> Task
Locate, in the data below, the line that contains "Neutrogena authentic USA" and the line that contains "Marbella Trousers Double Pleat Naples"; reproduce exactly those two lines and every line between them, nothing more.

> Records for the task
---------------

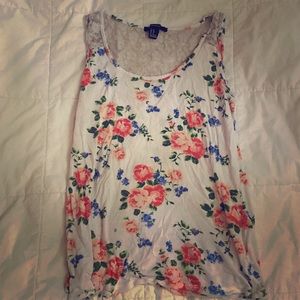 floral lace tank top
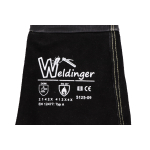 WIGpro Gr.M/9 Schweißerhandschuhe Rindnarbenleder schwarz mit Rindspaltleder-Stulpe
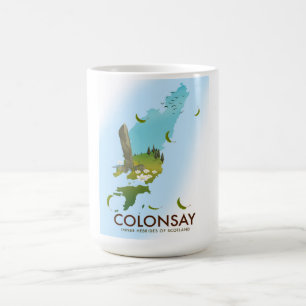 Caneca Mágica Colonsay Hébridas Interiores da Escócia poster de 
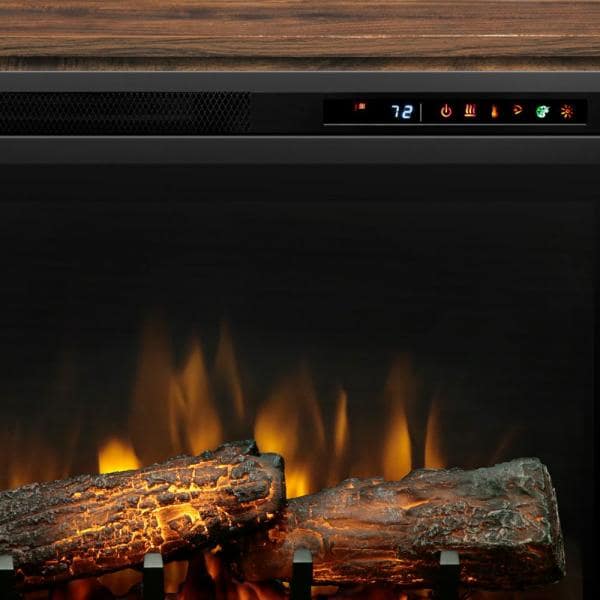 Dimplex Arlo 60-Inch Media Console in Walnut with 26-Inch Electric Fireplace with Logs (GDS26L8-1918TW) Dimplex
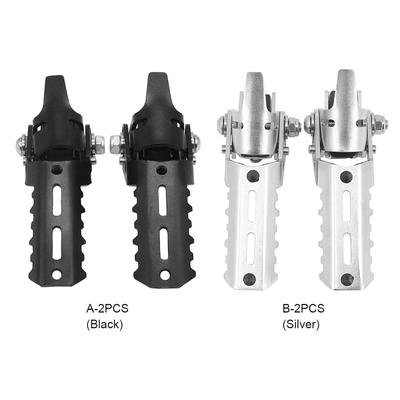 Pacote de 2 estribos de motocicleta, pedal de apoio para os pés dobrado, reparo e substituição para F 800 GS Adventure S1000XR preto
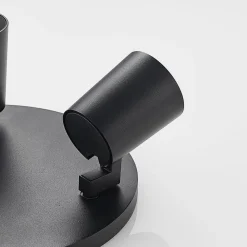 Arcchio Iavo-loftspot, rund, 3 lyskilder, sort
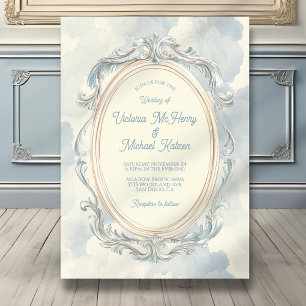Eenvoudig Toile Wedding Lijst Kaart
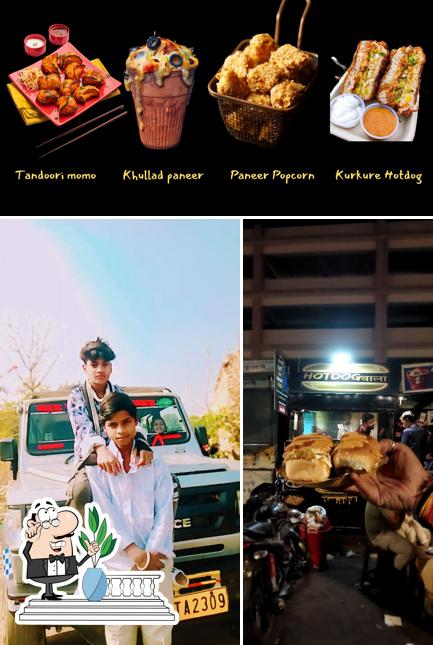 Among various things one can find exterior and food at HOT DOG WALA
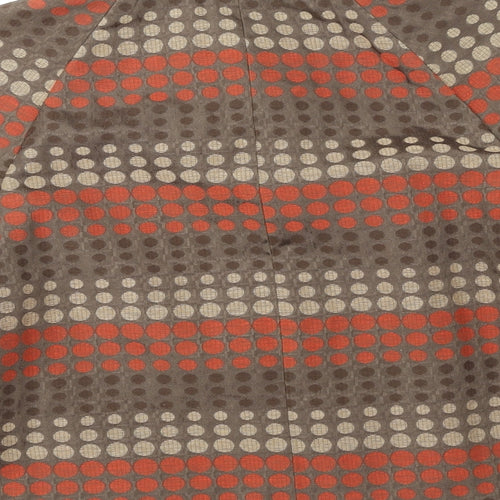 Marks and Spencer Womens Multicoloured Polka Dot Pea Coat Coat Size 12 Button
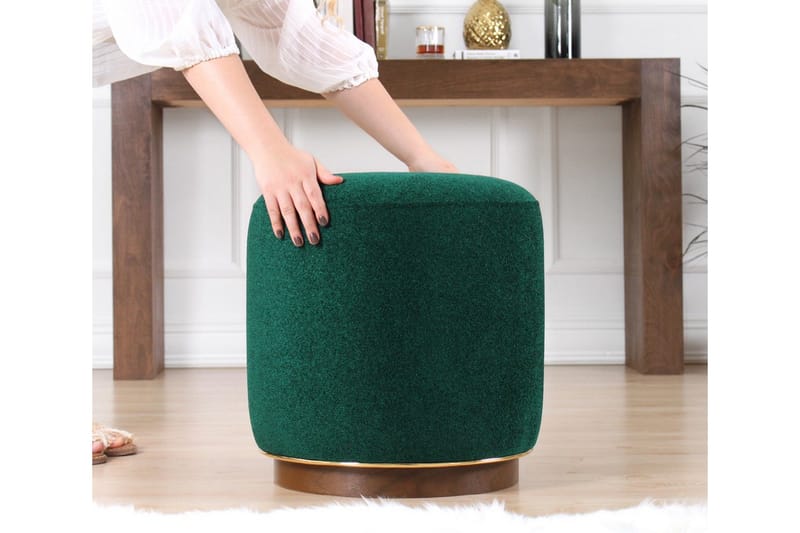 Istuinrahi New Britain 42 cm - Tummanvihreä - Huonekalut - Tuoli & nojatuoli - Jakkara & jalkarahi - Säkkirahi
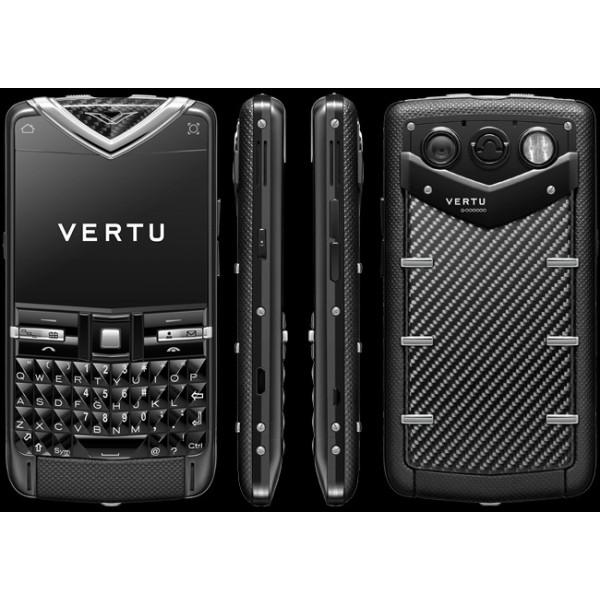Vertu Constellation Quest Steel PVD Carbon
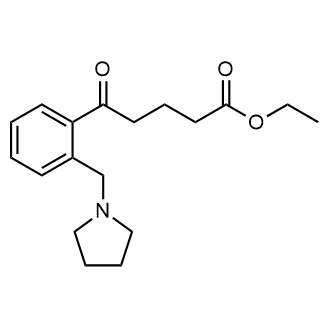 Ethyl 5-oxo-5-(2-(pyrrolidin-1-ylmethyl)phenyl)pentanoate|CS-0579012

---------------

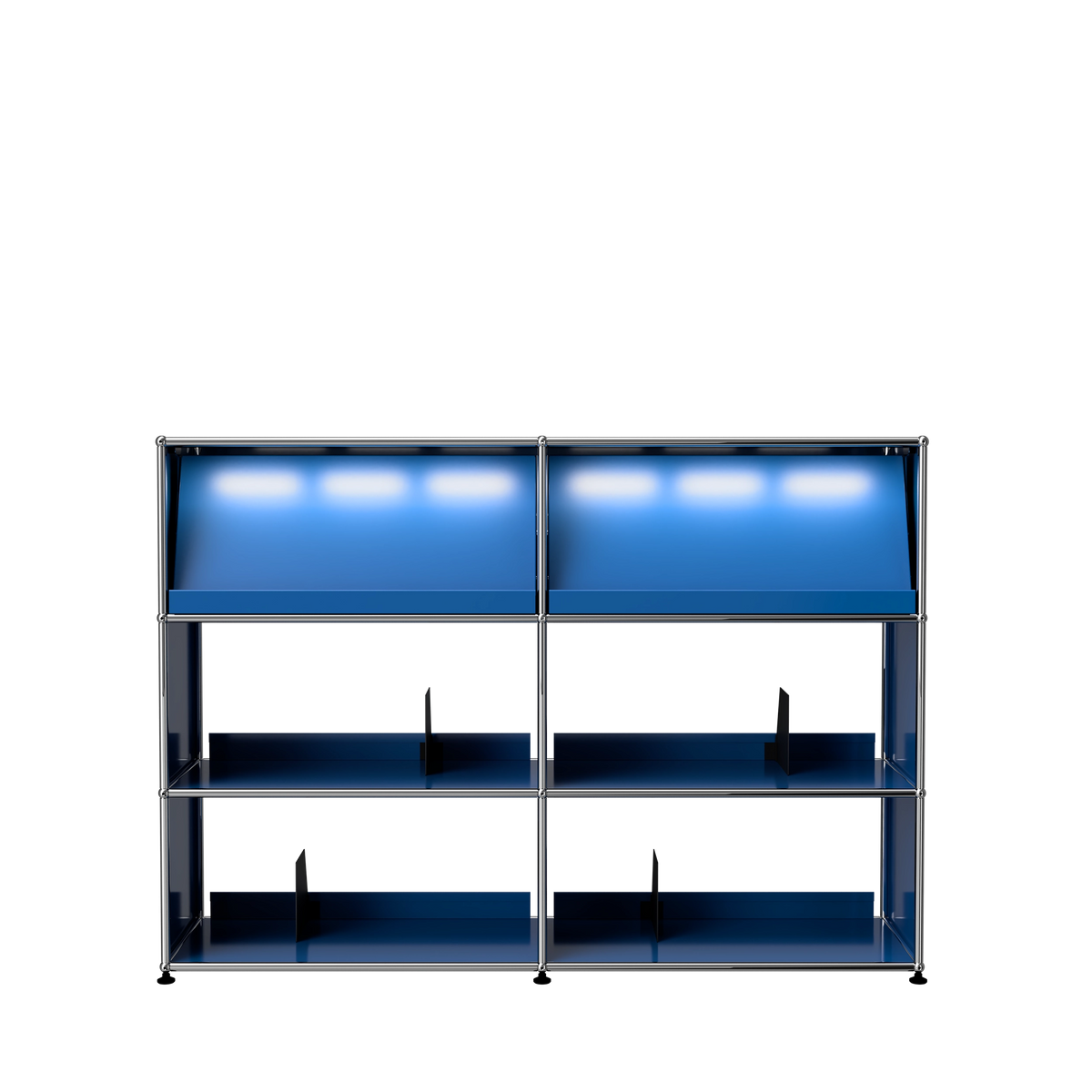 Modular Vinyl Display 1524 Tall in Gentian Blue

---------------

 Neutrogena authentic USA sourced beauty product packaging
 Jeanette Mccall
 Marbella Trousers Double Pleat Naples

---------------

> Written response
 Neutrogena authentic USA sourced beauty product packaging
 Jeanette Mccall
 Marbella Trousers Double Pleat Naples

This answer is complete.